Apr 7: giggled on Twitter about a book that opens at a black werewolf strip joint.
Apr 8: had that absolutely splendid anniversary evening with J.
Apr 9: an excellent dinner with X and J at Blue Water Grill.
Apr 10: family dinner at home for the first time in ages.
Apr 11: wore short sleeves and sandals! Spring spring spring!
Apr 12: got haircuts with X; went to see Captain America: The Winter Soldier with J.

Media log:

29) The Mummy (1999). (Movie.) Rewatch. X and I haven't had much opportunity for movie-watching lately, so it was really nice to cuddle up and knit while indulging in something familiar. It's really not bad for what it is. The cast is great, especially Rachel Weisz and Oded Fehr. The special effects are tolerable. Actual people of color are cast as people of color (other than Kevin J. O'Connor as Beni) and the Americans and Brits are cartoonish ethnic caricatures just like everyone else. The plot doesn't make a lick of sense, but you're not watching it for the plot; you're watching it for nostalgic recollection of the days when Brendan Fraser was a leading man instead of a washed-up former actor.

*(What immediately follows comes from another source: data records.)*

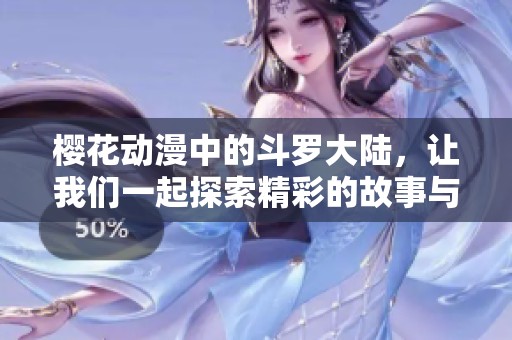 樱花动漫中的斗罗大陆，让我们一起探索精彩的故事与角色成长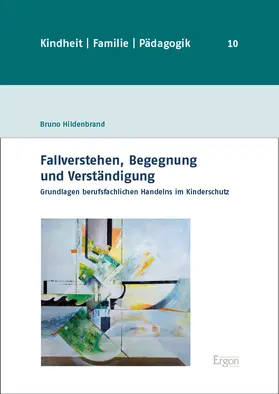 Hildenbrand |  Fallverstehen, Begegnung und Verständigung | eBook | Sack Fachmedien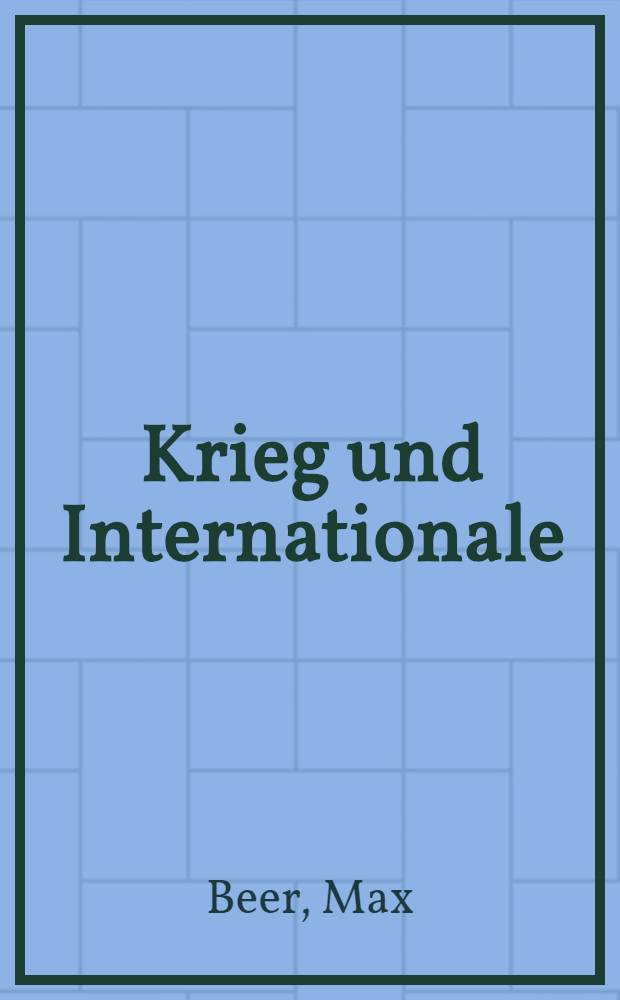 Krieg und Internationale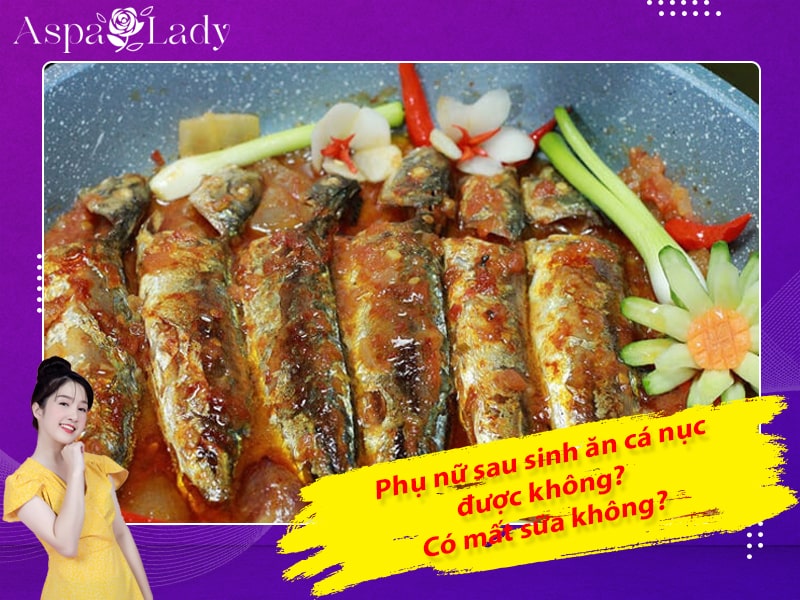 Phụ nữ sau sinh ăn cá nục được không? Có mất sữa không?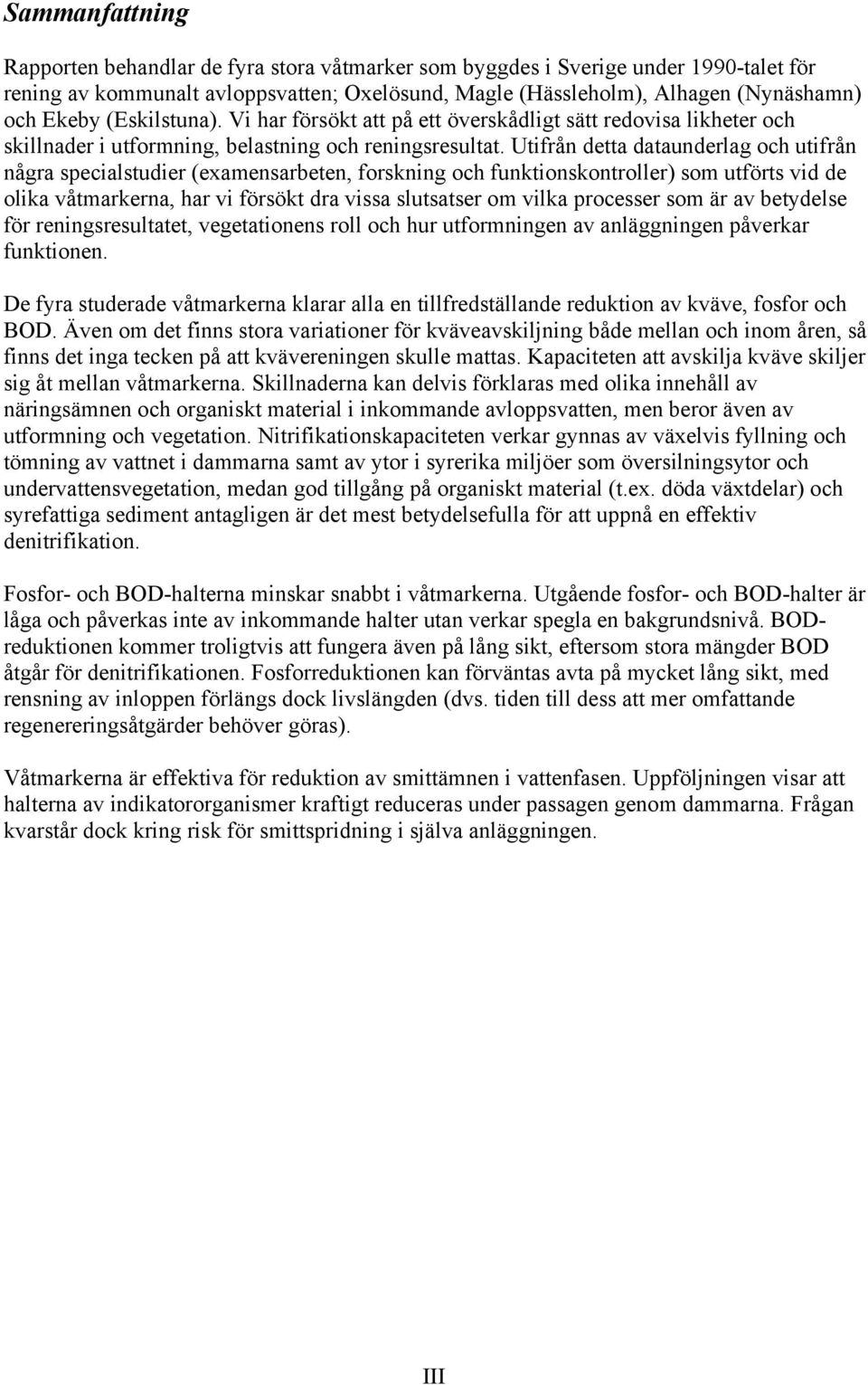 Utifrån detta dataunderlag och utifrån några specialstudier (examensarbeten, forskning och funktionskontroller) som utförts vid de olika våtmarkerna, har vi försökt dra vissa slutsatser om vilka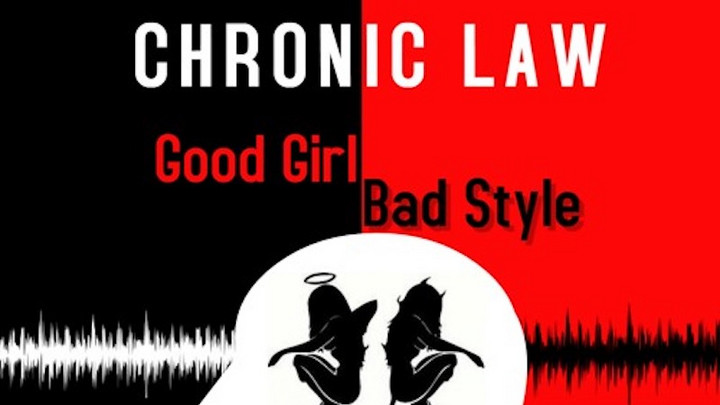 Chronic Law - Good Girl Bad Style [6/14/2019]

Verdict: Entirely tolerable.

For FutureKid: share, tolerate, discourage? Tolerate.

30) Hot Lead, Cold Iron by Ari Marmell. (Book.) The word I keep coming back to for this is "cute". Harry Dresden is a better Chicago supernatural PI, and Vicki Pettersson writes better 1950s slang and characters by several miles, but if you want a book with both of those things together and a tolerable flair for description, this is your book.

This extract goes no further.